So I go away for ten days and return to discover that Radiohead are back, dropping new album A Moon Shaped Pool online with little advance warning, as has become their standard practice these days.
I haven't heard the album yet (it's set to be the featured album on Episode 5 of the Sounding Bored podcast), but the pedant in me is already irritated by the lack of a hyphen in the title... Lead track 'Burn The Witch' has certainly grown on me, though, with its superb Camberwick-Green-meets-Wicker-Man video, unsettling strings and classically obscure yet ominous Yorkist lyrics about "a low-flying panic attack" and "red crosses on wooden doors".
While the exact target and subject matter for the song might be unclear (authoritarianism, the European migrant crisis and mass online surveillance have all been proposed), those lyrics do suggest a return to the politically engaged Radiohead of the pre- and post-millennium period. That period is the focus for a Pitchfork article by Alex Niven, in which he ventures that 'Burn The Witch' is "an interventionist revival of sorts".
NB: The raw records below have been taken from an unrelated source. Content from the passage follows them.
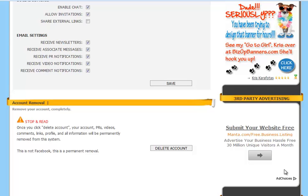Keep in mind that this is not Facebook. This is a permanent removal. To remove your account, just click on delete account.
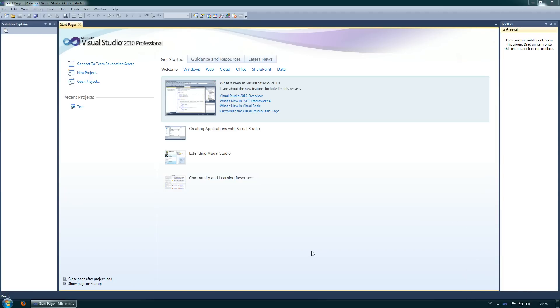Welcome to my tutorial. My name is Pippin and I will show you this tutorial of basic programming skills in Visual Basic using Visual Studio 2010 Professional.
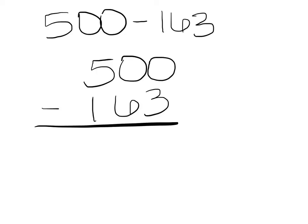You can only ever borrow from your next door neighbor. In this case, I need to borrow in the ones place, but when I look at the tens, there are no numbers there for me to borrow. So I'm going to move to the hundreds.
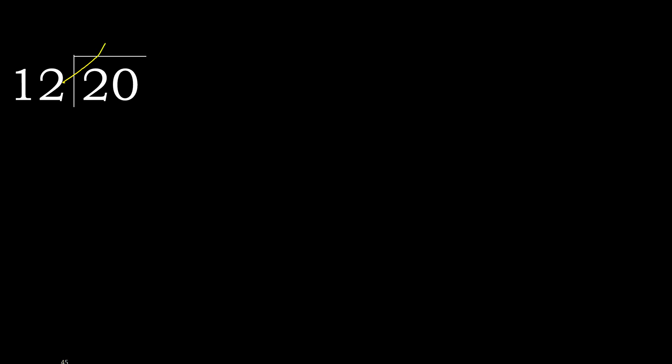Therefore with 20, 12 multiplied by which number is nearest to 20 but not greater? 12 multiplied by 2 is 24. 24 is greater. Multiplied by 1 is 12. It is not greater.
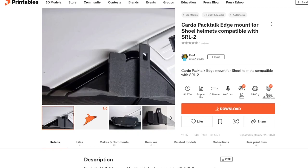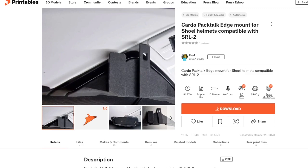I've had a few responses to the video I made about the 3D printed Cardo adapter for the Shoei helmet, so I thought I'd make a quick video showing how I ordered it. I'll put links in the description to the two websites that I used.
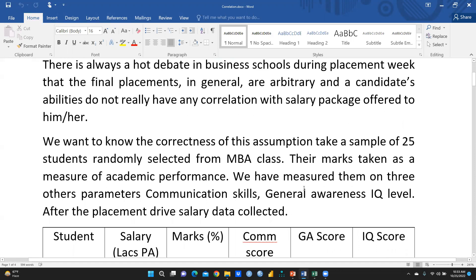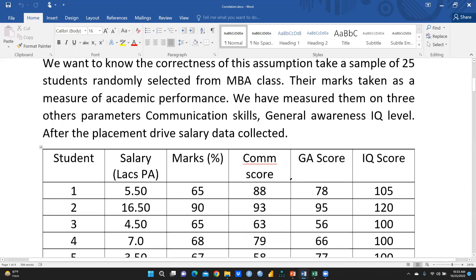Take a sample of 25 students randomly selected from an MBA class, their marks taken as a measure of academic performance. We have measured them on three other parameters: communication skills, general awareness, and IQ level. After the placement drive, salary data was collected.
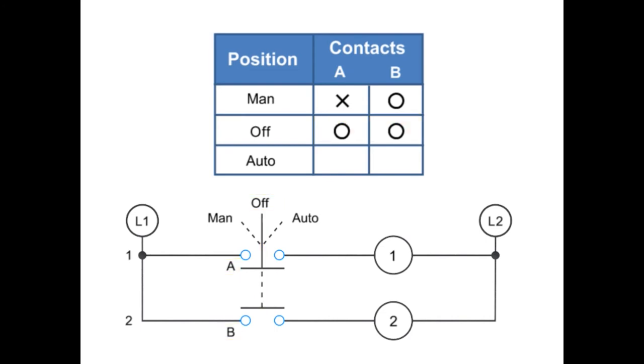With the selector switch set to AUTO, contact A is 0, or open, and B is X, or closed.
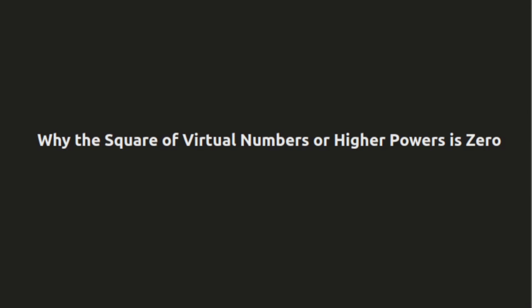Hey everyone, welcome back to the channel. Today, I'll be explaining why the square of virtual numbers and any higher powers of them are zero. It's a fascinating concept, and I'm sure you'll find it easy to understand. Let's get started.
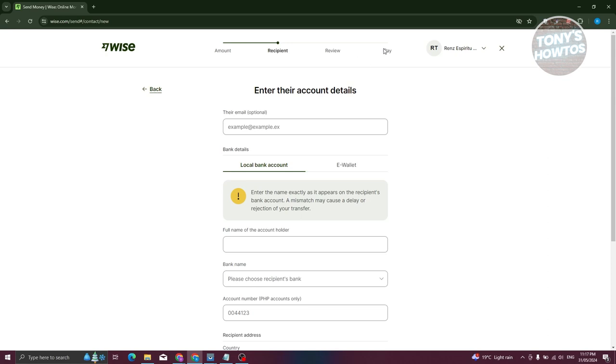And finally, you'll be able to go to the pay section, where you can choose the preferred payment method you want to use for the transfer.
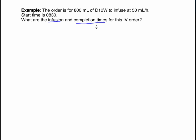The infusion time is the elapsed time. In previous examples when we were calculating the rate in milliliters per hour, we knew the infusion time. The infusion time is always in hours and minutes — for example, 4 hours and 30 minutes. The bag will be done in 4 hours and 30 minutes. That's the infusion time.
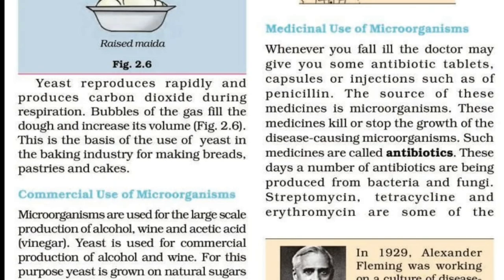We are going to talk about the medicinal use of microorganisms. When you fall ill, the doctor may give you some antibiotic tablets, capsules or injections such as penicillin.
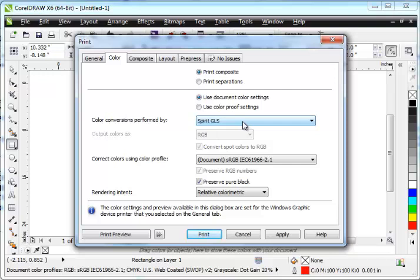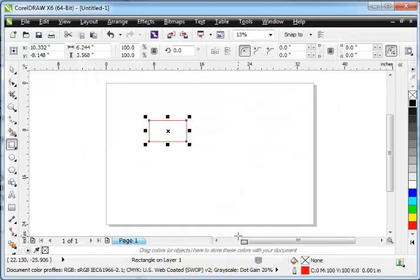But with your laser selected as your color conversions performed by, your laser will get the file. I'm going to hit Apply. I'm going to hit Cancel. I don't really want to print this file.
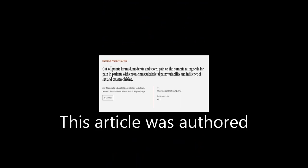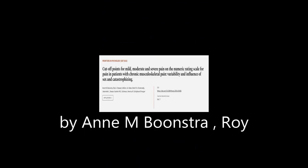This article was authored by N. M. Boonstra, Roy E. Stewart, Albrecht J. A. Koch, and others.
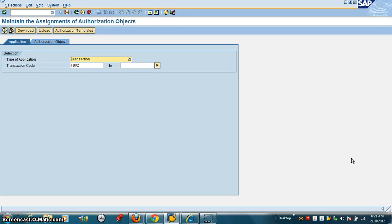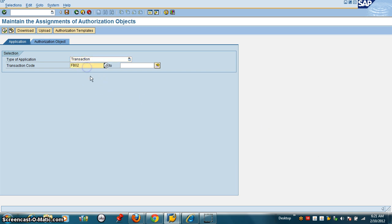In the previous two videos, we looked at how to make changes to AC24 and how it affects the role. Now we're going to change AC24 and see how to bring in the new values into AC24. We have FB02 which we entered in the role and we execute that.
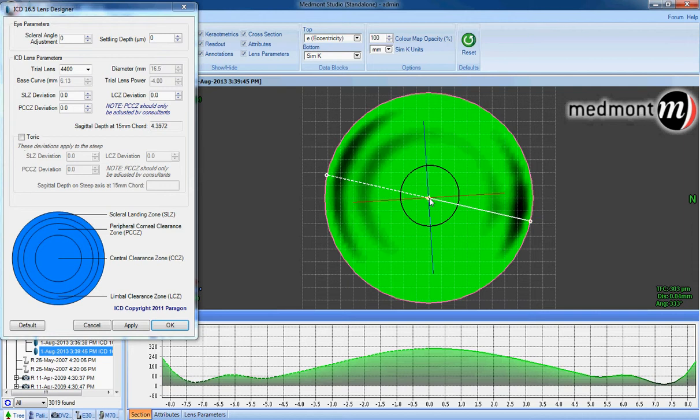In this case, the lens appears to land very close to 3 o'clock on the conjunctiva and again near to 9 o'clock on the conjunctival surface.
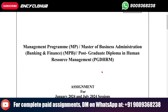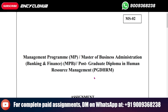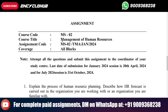Hey guys, today we will see MS-02 Management Programme, Master of Business Administration Banking and Finance, Postgraduate Diploma in Human Resource Management, which is PGDHRM. Today we will talk about the assignment MS-02: Management of Human Resources.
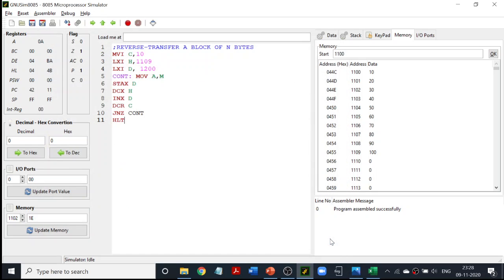The only difference is: in the previous program, HL register was pointing to 1100 and DE register was pointing to 1200. In the reverse order version, I am going to make my HL register point to 1109. From 1109, I transfer to 1200; from 1108, I transfer to 1201. I do the transfer in the reverse order. For that, I will be incrementing my DE register pair but decrementing my HL register pair.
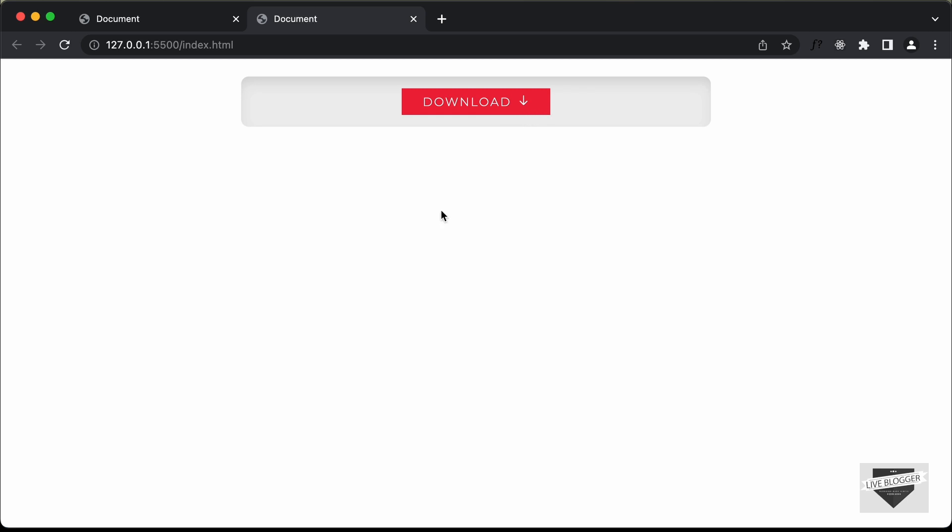That's basically it with the design of our download button and that's it for this video. If you have any doubts, ask in the comments below. If you like this video, please click the like button and subscribe to this channel to get the latest updates. Thanks a lot for watching, have a nice day.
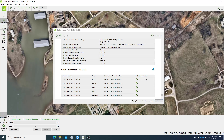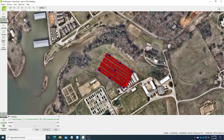Once you see this, it basically means that the processing is finished. Congratulations, you have reached the end of the processing.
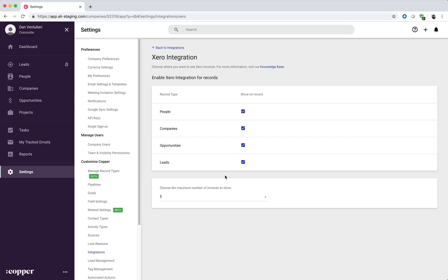Here we can select which records we want to display the invoices on and how many invoices we want to display per request.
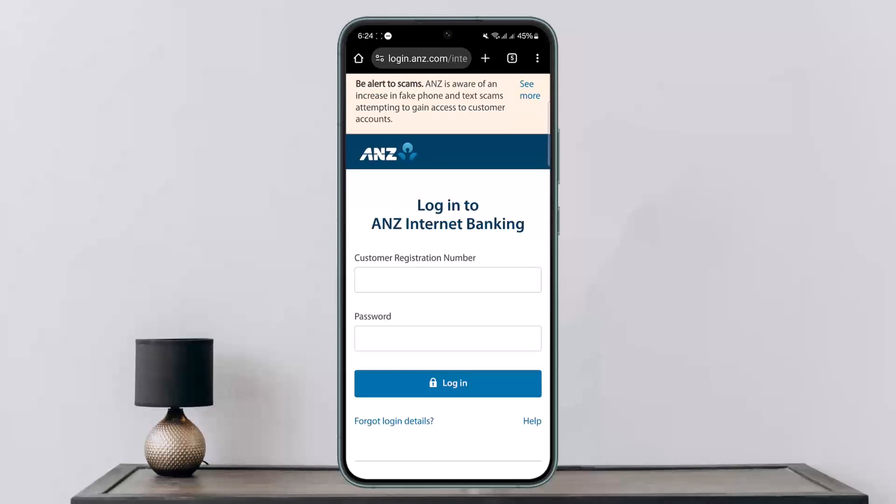So this way you can add your tax file number on ANZ Bank. Hope this helped you. Do like and subscribe, and do not forget to leave a comment below if you have any further issues.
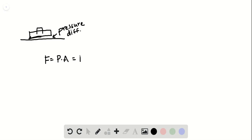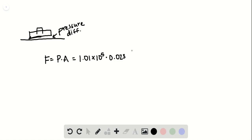Use the standard value for atmospheric pressure, which is 1.01 times 10 to the fifth, and multiply that by the given surface area of 0.023 meters squared. And whenever you calculate it out, you get 2,323 newtons.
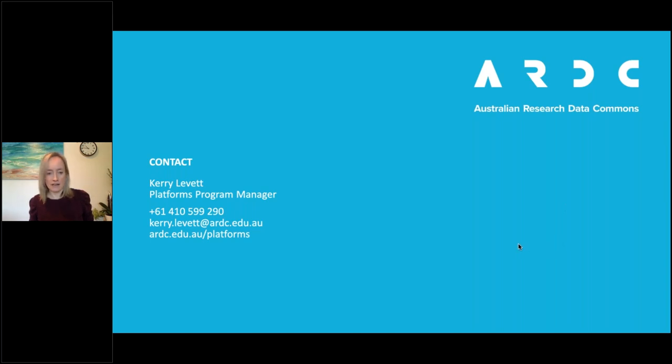That's the overview. I'd now like to give you an opportunity to ask questions, so I'm going to try and stop sharing my screen so I can see the questions. Andrew, do we have any questions come through yet?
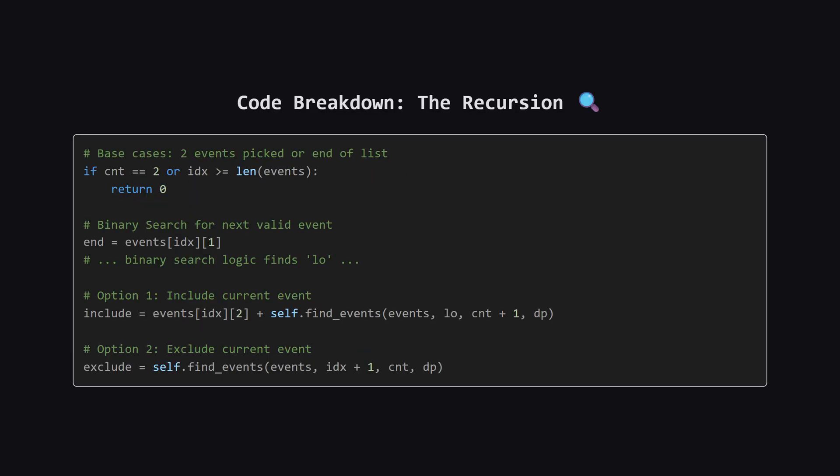Let's break down the recursive logic. We have two base cases. If we've already picked two events, or if we've run out of events to check, we stop and return zero. If we're still going, we perform a binary search to find the index low. This index points to the first event that starts after our current event ends. Then we calculate two possibilities. Include is where we take the current event's value, and recursively call the function starting from that new valid index low, increasing our count. Exclude is where we ignore the current event, and just move to the very next index, keeping our count the same. We simply take the maximum of these two options.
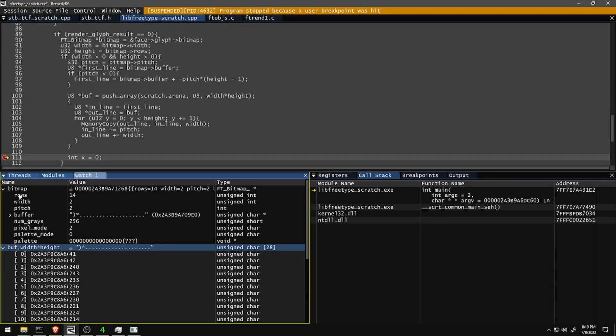And here's the epic conclusion for today. I can't visualize glyph data yet because I'm just in a scratch program, but I can inspect it in Remedy, and it looks like what I would expect from a rasterized glyph. So far I know how to parse font data and get what I need out, but I don't have a plan for how I want to organize that data to pass it to the renderer. So that's what we'll be looking at next time. See you then.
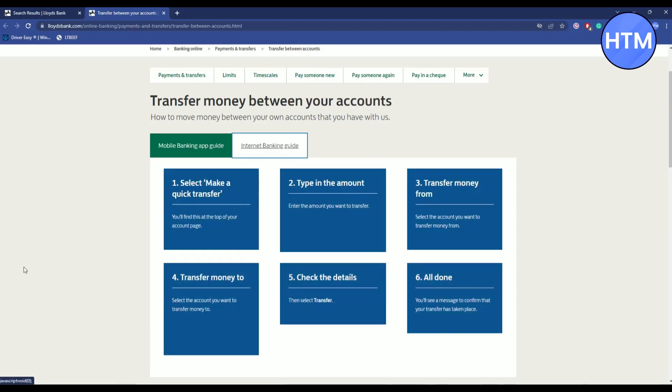Log into your main account, then click on Make a Quick Transfer, then enter your amount, then choose the account where you want to transfer from, choose the account where you want to transfer to, then check the details and click on Transfer and all done.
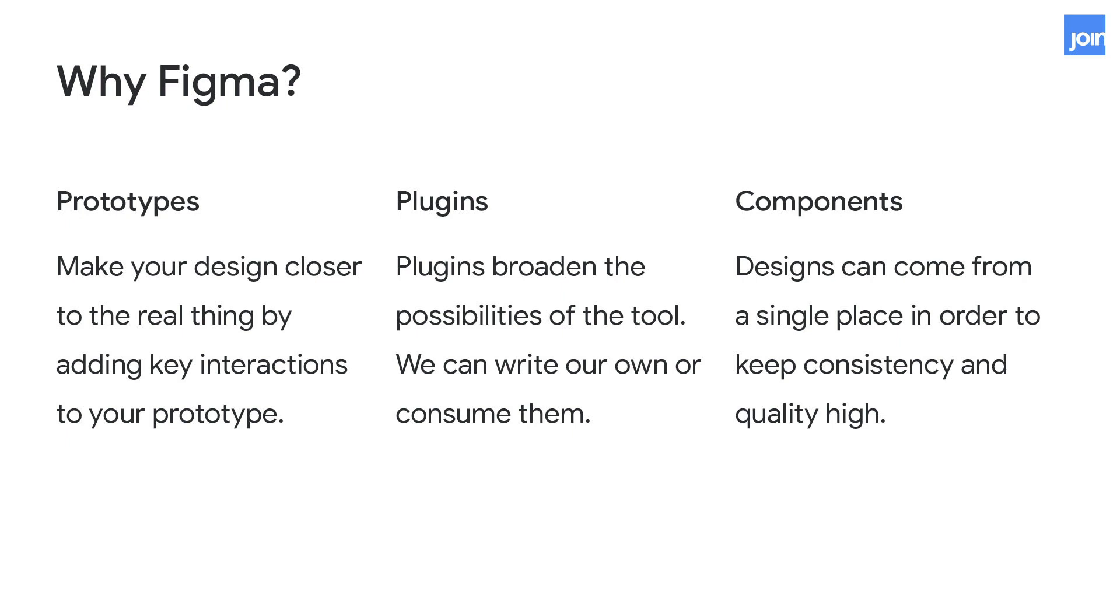We also like to leverage Figma plugins to augment and improve our workflow. So we can leverage existing Figma plugins or write our own. With a little bit of JavaScript, we can write our own plugins to programmatically interface with Figma. And this opens up a whole new world for us, like designing with real data.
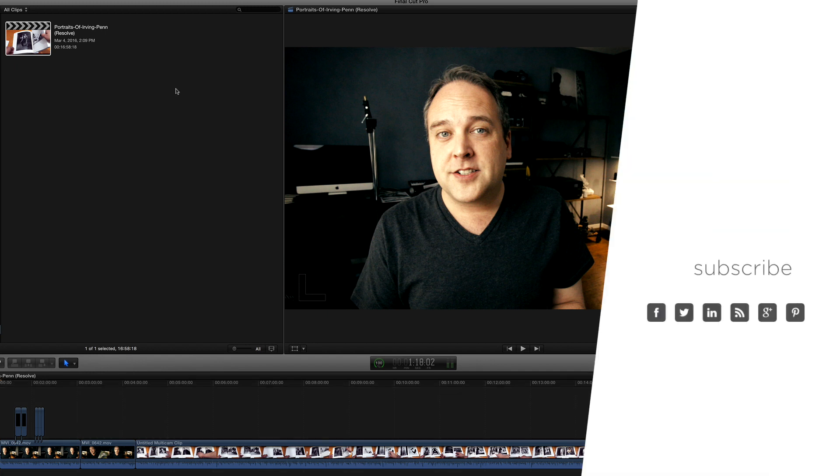And as always, if you enjoyed this video, please remember to like it and share it with your friends. And as always, subscribe to The Art of Photography so that you'll always be up to date on all the latest and greatest videos that we do here. Until the next video, I'll see you guys then. Later.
The band's left-of-centre politics and consistent anti-capitalist critique sits a little uncomfortably with their adoption of corporate models when it comes to managing their business affairs - but, then again, maybe that's just sensible in allowing them the financial security to be able to remain focused on the creative side of things, as the Guardian's Alex Marshall has suggested.
Meanwhile, the release of A Moon Shaped Pool has prompted Vulture's Marc Hogan to rank every single Radiohead recorded song. The result - inevitably headed "I Might Be Wrong" - is recommended to anyone who's a fan of the band, of lists and of quibbling with other people's assessments. 'Exit Music (For A Film)' at #20?! Pah.